### What you will do
Pictures stay out of the copy. Retype exactly the lines below from the one with "Emergency Response SUV" through the one with "C.P. Company T-Shirts*Stretch".

################

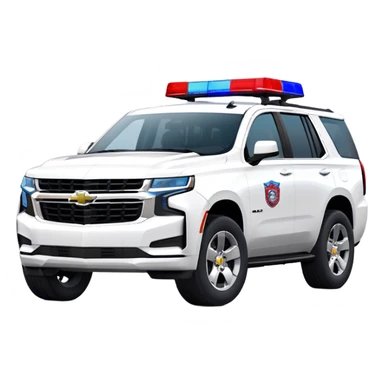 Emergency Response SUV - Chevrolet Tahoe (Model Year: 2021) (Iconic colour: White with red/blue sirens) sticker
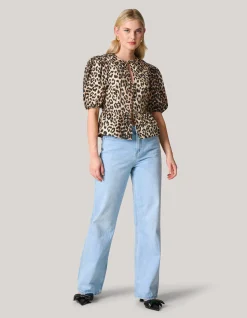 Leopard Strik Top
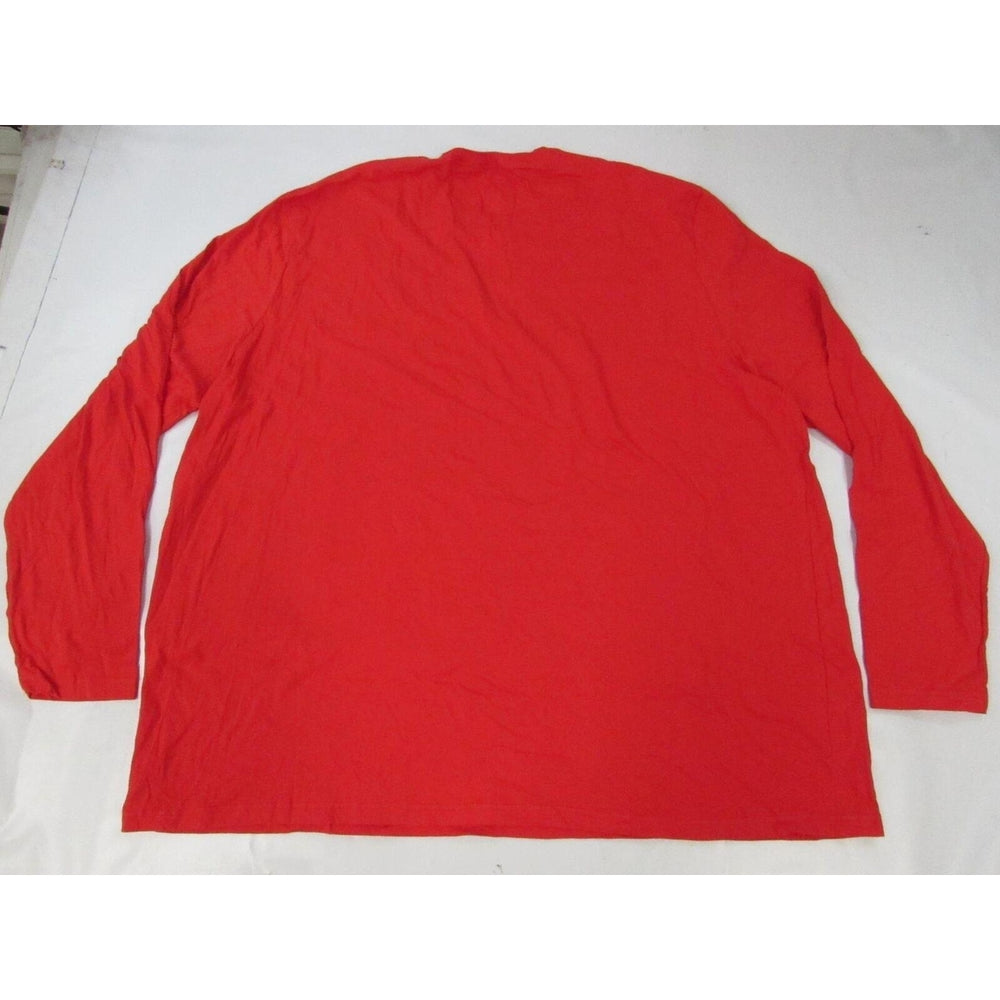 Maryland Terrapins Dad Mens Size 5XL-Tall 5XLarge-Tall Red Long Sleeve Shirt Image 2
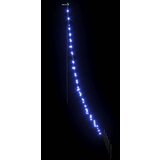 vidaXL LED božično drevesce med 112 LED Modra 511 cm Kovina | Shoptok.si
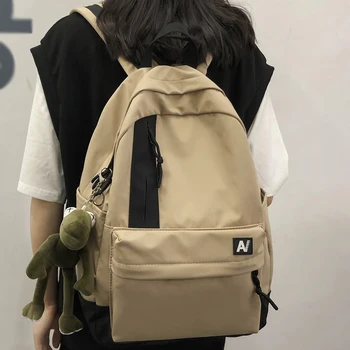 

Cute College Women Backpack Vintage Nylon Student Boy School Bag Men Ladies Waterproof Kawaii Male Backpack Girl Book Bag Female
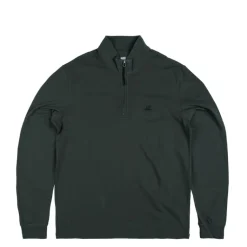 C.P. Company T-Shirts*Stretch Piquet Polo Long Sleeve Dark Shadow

################

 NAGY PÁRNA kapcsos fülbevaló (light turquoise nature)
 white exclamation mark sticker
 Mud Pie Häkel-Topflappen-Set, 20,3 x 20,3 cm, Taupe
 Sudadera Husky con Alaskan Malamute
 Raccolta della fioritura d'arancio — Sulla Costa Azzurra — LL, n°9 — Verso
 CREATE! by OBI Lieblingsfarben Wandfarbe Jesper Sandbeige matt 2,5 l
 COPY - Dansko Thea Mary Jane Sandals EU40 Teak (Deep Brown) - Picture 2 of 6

################

### Your solution
 Emergency Response SUV - Chevrolet Tahoe (Model Year: 2021) (Iconic colour: White with red/blue sirens) sticker
 Leopard Strik Top
 Maryland Terrapins Dad Mens Size 5XL-Tall 5XLarge-Tall Red Long Sleeve Shirt Image 2
 vidaXL LED božično drevesce med 112 LED Modra 511 cm Kovina | Shoptok.si

Cute College Women Backpack Vintage Nylon Student Boy School Bag Men Ladies Waterproof Kawaii Male Backpack Girl Book Bag Female
 C.P. Company T-Shirts*Stretch Piquet Polo Long Sleeve Dark Shadow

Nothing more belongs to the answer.